━━━━━ Recorded information

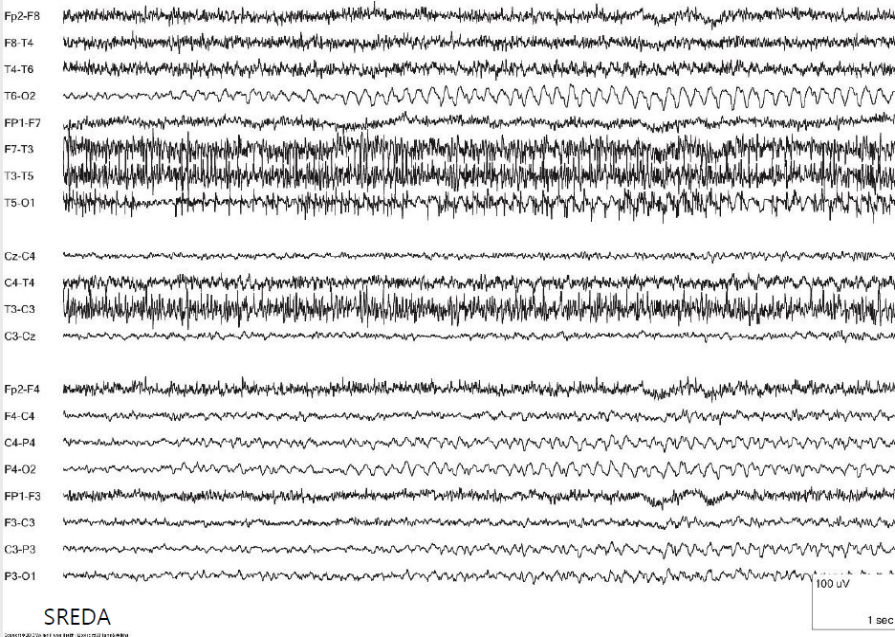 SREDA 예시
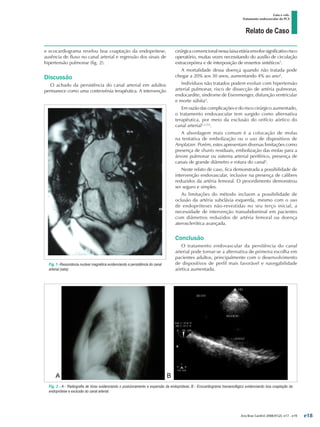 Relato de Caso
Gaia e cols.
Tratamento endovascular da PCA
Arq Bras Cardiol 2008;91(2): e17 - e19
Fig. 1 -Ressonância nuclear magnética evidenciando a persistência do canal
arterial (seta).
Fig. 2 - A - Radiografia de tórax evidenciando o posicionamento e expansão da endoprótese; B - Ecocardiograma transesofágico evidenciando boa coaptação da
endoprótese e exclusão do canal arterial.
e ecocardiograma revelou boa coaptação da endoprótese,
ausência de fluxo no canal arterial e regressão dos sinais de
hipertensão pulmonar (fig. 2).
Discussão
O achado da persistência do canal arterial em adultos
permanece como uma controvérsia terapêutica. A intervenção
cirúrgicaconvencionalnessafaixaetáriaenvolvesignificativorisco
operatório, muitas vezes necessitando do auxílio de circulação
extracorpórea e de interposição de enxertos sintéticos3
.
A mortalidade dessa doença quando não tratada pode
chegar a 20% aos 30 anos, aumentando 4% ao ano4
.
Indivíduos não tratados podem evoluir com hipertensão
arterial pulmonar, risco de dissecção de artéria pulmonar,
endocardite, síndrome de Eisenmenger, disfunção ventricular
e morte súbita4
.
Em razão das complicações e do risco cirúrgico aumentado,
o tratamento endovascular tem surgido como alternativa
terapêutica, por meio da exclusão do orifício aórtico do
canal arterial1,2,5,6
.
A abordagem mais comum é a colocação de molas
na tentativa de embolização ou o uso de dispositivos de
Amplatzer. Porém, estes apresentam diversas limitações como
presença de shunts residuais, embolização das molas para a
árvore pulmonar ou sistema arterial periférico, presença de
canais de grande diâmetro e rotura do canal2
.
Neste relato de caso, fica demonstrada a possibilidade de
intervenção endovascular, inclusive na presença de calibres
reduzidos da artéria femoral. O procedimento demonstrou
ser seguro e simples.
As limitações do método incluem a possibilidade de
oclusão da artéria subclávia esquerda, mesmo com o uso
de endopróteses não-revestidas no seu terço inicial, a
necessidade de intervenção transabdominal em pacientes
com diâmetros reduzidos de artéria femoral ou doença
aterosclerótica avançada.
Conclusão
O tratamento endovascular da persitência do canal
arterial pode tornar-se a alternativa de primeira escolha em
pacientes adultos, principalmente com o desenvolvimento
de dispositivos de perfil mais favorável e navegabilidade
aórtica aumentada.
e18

━━━━━━━━━━
━━━━━ Recorded information

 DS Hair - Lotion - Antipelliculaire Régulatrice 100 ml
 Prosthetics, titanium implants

━━━━━━━━━━

Which lines run from the one holding "na tentativa de" through the one holding "aterosclerótica avançada." in the records above? Repeat them exactly, both included, and nothing more.

■ Answer to the exercise
na tentativa de embolização ou o uso de dispositivos de
Amplatzer. Porém, estes apresentam diversas limitações como
presença de shunts residuais, embolização das molas para a
árvore pulmonar ou sistema arterial periférico, presença de
canais de grande diâmetro e rotura do canal2
.
Neste relato de caso, fica demonstrada a possibilidade de
intervenção endovascular, inclusive na presença de calibres
reduzidos da artéria femoral. O procedimento demonstrou
ser seguro e simples.
As limitações do método incluem a possibilidade de
oclusão da artéria subclávia esquerda, mesmo com o uso
de endopróteses não-revestidas no seu terço inicial, a
necessidade de intervenção transabdominal em pacientes
com diâmetros reduzidos de artéria femoral ou doença
aterosclerótica avançada.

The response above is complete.